# Results of Arminiamism



## pm (Aug 19, 2008)

Here is a quote from "The Reformed Doctrine of Predestination" by Loraine Boettner, I am interested in what others think of Boettner's thoughts on the result of Arminiamism.

"History has shown plainly that the tendency of Arminianism is to compromise and to drift gradually from an evangelical basis. Hence it is that to this day there has never been developed a logical and systematic body of Arminiam theology It has in the Methodist Church for instance, a brief and informal creed in some twenty-five articles;. but contract between the statement and the carefully wrought-out Westminster Confession is seen at a glace." Page 48.


----------



## Marrow Man (Aug 19, 2008)

That is a very interesting quote from Boettner. I believe I read once that many (most?) of the Remonstrants, after their theology was rejected at the Synod of Dort, later drifted in abhorrent theology (universalism and/or unitarianism). Can anyone confirm me or correct me on this?


----------



## BobVigneault (Aug 19, 2008)

LB is right of course. The logical extension of arminianism is universalism and open theism. I appreciate the open theists for they are the only intellectually honest arminians.


----------



## puritan lad (Aug 19, 2008)

Not to mention that the seeker-sensitive, purpose driven, church growth paradigm is a direct result of Arminianism.


----------



## KenPierce (Aug 19, 2008)

Schaff makes the same point: Arminianism is a liberalizing force (Schaff may have thought that was a good thing --not sure).

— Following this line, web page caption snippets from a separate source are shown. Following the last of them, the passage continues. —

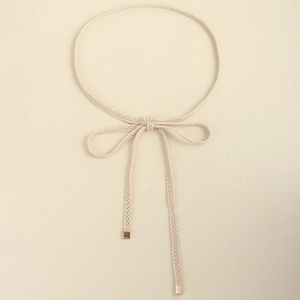 Detail view of a beige woven knotted dress belt featuring elegant gold square metal ends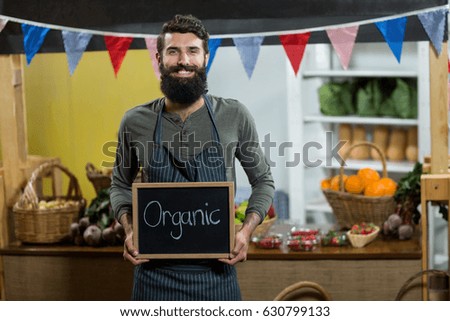 Portrait of a worker holding a board with organic sign at grocery store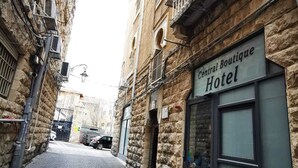 A narrow cobblestone street with a building labeled "Central Boutique Hotel" on the right. - Central Boutique Hotel (Jerusalem)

IT does seem, historically, as if Arminianism always proceeds liberalism. The PCUSA became creedally arminian (redefining predestination) before it embraced modernism (if memory serves).

But, we need to beware the slippery slope, because the crypto-Catholic could say that Calvinism proceeds Arminianism proceeds Universalism, right?


----------



## Davidius (Aug 19, 2008)

KenPierce said:


> But, we need to beware the slippery slope, because the crypto-Catholic could say that Calvinism proceeds Arminianism proceeds Universalism, right?

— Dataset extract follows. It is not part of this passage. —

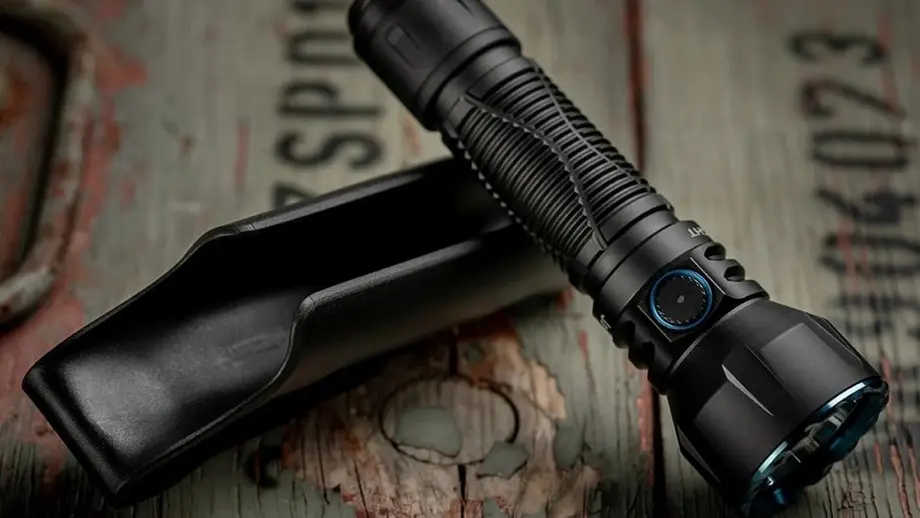 Schwarze taktische LED-Taschenlampe mit blauem Ring und Holster auf Holz.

That's exactly what I was thinking. This argument could be turned on its head against us. Not only did Calvinism precede Arminianism, but many Reformed denominations, some which were originally not a part of the remonstration, slid into liberalism and/or heresy almost as quickly as the remonstrants.


----------



## TimV (Aug 19, 2008)

> But, we need to beware the slippery slope, because the crypto-Catholic could say that Calvinism proceeds Arminianism proceeds Universalism, right?


I didn't know there were any crypto-Catholics anymore, since they no longer get killed or thrown in jail. But since someone who holds to the five points or denies all five points can fit into the Catholic church I think in that case you'd be comparing apples and oranges. At least it would be an argument almost impossible to defend if coming from a Catholic.


----------



## Marrow Man (Aug 19, 2008)

KenPierce said:


> But, we need to beware the slippery slope, because the crypto-Catholic could say that Calvinism proceeds Arminianism proceeds Universalism, right?

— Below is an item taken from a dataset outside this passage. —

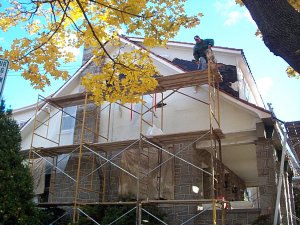 Old stucco
              torn off on gables and dormer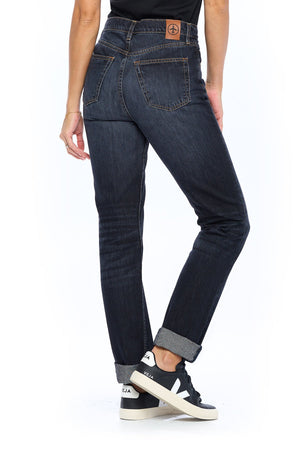 back view of the midnight indigo travel jeans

Good point, but one could make a better case (to the crypto-Catholic) by pointing out that Augustinian thinking prevailed in the early church and was embraced publicly by the Synod of Orange; however, it was when the church began drifting back into semi-Pelagianism that things really began to fall apart.

Of course, there are always other factors involved. It would seem that the common denominator (coming from a former math teacher here!) is adopting a man-centered theology versus a God-centered theology.


----------



## KenPierce (Aug 19, 2008)

Oops ...I meant paleo-Catholic.

My sole point was one of logical argument. There is always a point above you somewhere on the slippery slope, and a point after you.

IT is better to argue from the standpoint of revealed truth, which is clearly Calvinism


----------